POODLE is a vulnerability that effectively lets a third party become a “man in the middle” on SSLv3-encrypted network connections. This is very bad from a security point of view. If you have not done so already, go to Wikipedia’s POODLE page and read more information about it. This post shows how to deal with the POODLE vulnerability for Python Tornado by turning off SSLv3.

Testing for POODLE

One of many ways to test for POODLE is to run the s_client that comes with your OpenSSL installation. Invoke it as follows:

openssl s_client -connect ${HOST}:443 -ssl3

(If you run SSL on a non-standard port, change the port number from 443 to whatever you are using.)

There will be a lot of output, regardless of whether the host is vulnerable to POODLE or not. But the important bit is whether your s_client manages to negotiate an encryption cipher or not, as shown in the output here from a vulnerable site:

> openssl s_client -connect mail.google.com:443 -ssl3
[a lot of output omitted]
New, TLSv1/SSLv3, Cipher is ECDHE-RSA-RC4-SHA
Server public key is 2048 bit
Secure Renegotiation IS supported
Compression: NONE
Expansion: NONE
    Protocol  : SSLv3
    Cipher    : ECDHE-RSA-RC4-SHA
[more omitted output]

Whereas a site that has SSLv3 disabled will look like:

> openssl s_client -connect duckduckgo.com:443 -ssl3
New, (NONE), Cipher is (NONE)
Secure Renegotiation IS NOT supported
Compression: NONE
Expansion: NONE
    Protocol  : SSLv3
    Cipher    : 0000

So how do we disable SSLv3 in our Python Tornado projects?

POODLE be gone!

Python Tornado uses the ssl library that comes with Python. In its wrap_socket method, one can pass the allowed SSL/TLS version as a parameter called ssl_version. The documentation shows the allowed values that the parameter can be set to. Choosing the oldest possible secure version ensures the highest possible compatibility, since not all software supports the latest versions of these protocols. For that reason, one should use ssl.PROTOCOL_TLSv1 as the protocol.

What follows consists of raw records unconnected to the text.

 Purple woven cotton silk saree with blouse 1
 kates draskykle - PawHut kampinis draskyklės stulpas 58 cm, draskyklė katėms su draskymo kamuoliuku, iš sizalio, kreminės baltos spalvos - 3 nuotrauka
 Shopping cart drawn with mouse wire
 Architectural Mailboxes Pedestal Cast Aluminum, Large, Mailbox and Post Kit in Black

This change is applicable for all projects that use Python’s own ssl library, and should be immediately applied.

For Tornado, this information should be passed to the tornado.httpserver.HTTPServer constructor, similar to:

self.server = tornado.httpserver.HTTPServer(
    application, io_loop=self.ioloop,
        "certfile": self.server_cert,
        "keyfile": self.server_key,
        "cert_reqs": self.cert_reqs,
        "ca_certs": self.ca_certs,
        "ssl_version": ssl.PROTOCOL_TLSv1

That’s all you have to do!

Note about modern Pythons (version 2.7.9 and Python 3)

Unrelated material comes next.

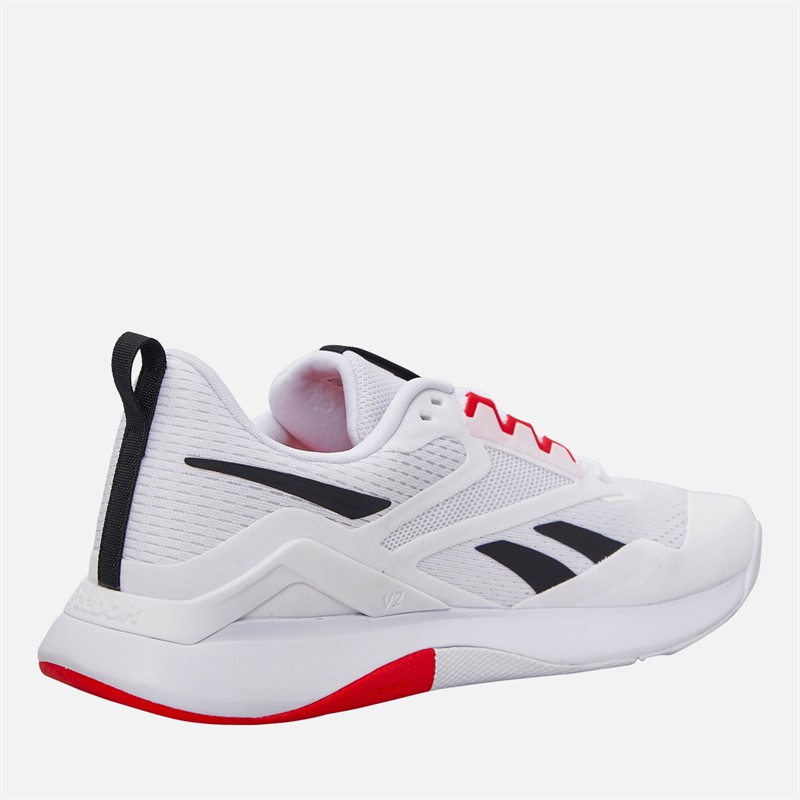 Reebok Mens Nanoflex TR 2 Training Shoes White/Black/Energy Red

This blog post has been focused on Python 2, and in particular versions prior to 2.7.9 (as 2.7.6 is the one in Ubuntu 14.04, this is what may will encounter in the wild). More modern versions of Python have the SSLContext that wraps not only the protocol to use, but also any other settings that one would like to use and re-use in an application. Use of it is simple and requires only pass the protocol constant as the parameter to the constructor. Tornado can, when used with Python 3.2 and above, accept an SSLContext object instead of the dict in our example above, although the dict should for the foreseeable future still be supported.